« Cela va venir, cela se prépare, cela est déjà là, mais nous ne le voyons pas. » Le message est diffusé chaque jour par haut-parleurs. La peur est entretenue, la menace permanente dans cette société où le peuple, “bête servile”, vit sous surveillance, les individus sont asservis jusqu’à l’effondrement physique ou moral.
En contrepoint, une voix dissidente se fait entendre. Chaque soir, via les transistors distribués sous le manteau, Stern, l’héroïne placide, « milite sans violence pour un retour à soi ». Sans discours, elle berce, chante ou récite de la poésie. Elle parle à l’intime, à la mémoire en nous. Elle dit : Souvenez-vous.
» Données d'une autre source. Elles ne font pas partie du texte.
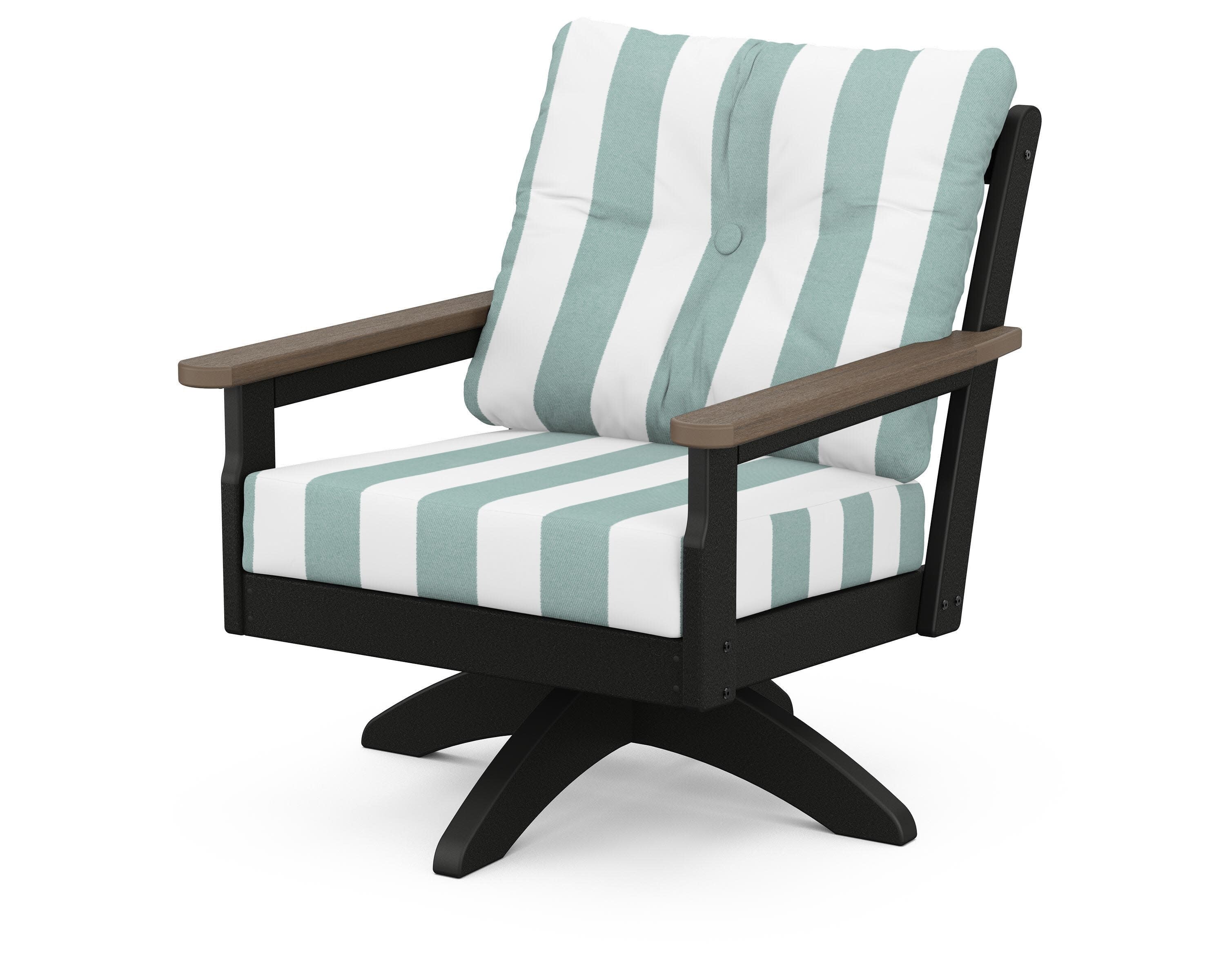 Vineyard Deep Seating Swivel Chair in Black / Kona / Cabana Stripe Glacier Spa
Dans ce conte poétique et politique, Lucie Taieb enchâsse deux récits avec brio : une dystopie antitotalitaire à la George Orwell et un drame familial au cœur d’un foyer parfaitement lisse en apparence. La mère touille ses confitures, le père travaille et les enfants jouent près des voies de chemin de fer désaffectées. Jusqu’au jour où Oskar, l’aîné de la fratrie, assiste à une scène de lynchage et à un meurtre. Il voit le corps de « la fille qui n’est pas d’ici » noyé dans la mare, son père dans la barque, sa sœur disparaître. Oui mais personne ne veut entendre sa version des faits. Peu importe qu’elle soit vraie, elle dérange. On lui en substitue une autre. Car ici, seule « la rhétorique gouverne le réel ». Et Oskar ainsi amputé de son vécu se met à dépérir.
Mais au fil des saisons, une métamorphose a lieu. Le peuple se réveille d’un long repos forcé, des brumes. Fin de la servilité et de l’errance, le temps est advenu d’inventer une certaine forme d’autonomie, son propre récit. C’est ce que propose au lecteur ce texte magnétique et mystérieux.